Superado este obstáculo, hoy podemos valorar la prerrogativa más importante para nosotros, que se proclama en el artículo del Credo, y es que el Espíritu Santo es “vivificante”, es decir, da la vida. Nos preguntamos: ¿qué vida da el Espíritu Santo? Al principio, en la creación, el soplo de Dios le da a Adán la vida natural; de una estatua de barro, lo convierte en “un ser viviente” (cf. Gn 2,7). Ahora, en la nueva creación, el Espíritu Santo es quien da a los creyentes la vida nueva, la vida de Cristo, vida sobrenatural, como hijos de Dios. Pablo puede exclamar: «La ley del Espíritu, que da vida en Cristo Jesús, te ha liberado de la ley del pecado y de la muerte» (Rm 8,2).
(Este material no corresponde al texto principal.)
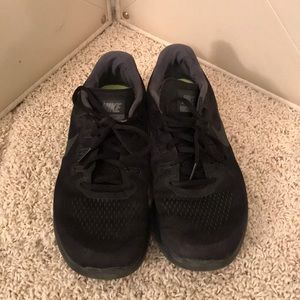 Nike Free Run All Black Lightweight SZ 9.5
¿Dónde está, en todo esto, la gran y consoladora noticia para nosotros? Es que la vida que nos da el Espíritu Santo es vida eterna. La fe nos libera del horror de tener que admitir que todo termina aquí, que no hay redención para el sufrimiento y la injusticia que reinan sobre la tierra. Nos lo asegura otra palabra del Apóstol: «Si el Espíritu de Dios, que resucitó a Jesús de entre los muertos, habita en vosotros, quien resucitó a Cristo de entre los muertos dará vida también a vuestros cuerpos mortales mediante su Espíritu que habita en vosotros» (Rm 8,11). El Espíritu habita en nosotros, está dentro de nosotros.
Cultivemos esta fe también por aquellos que, a menudo no por su propia culpa, carecen de ella y no pueden encontrarle un sentido a la vida. ¡Y no olvidemos dar gracias a Aquel que, con su muerte, nos ha obtenido este don inestimable!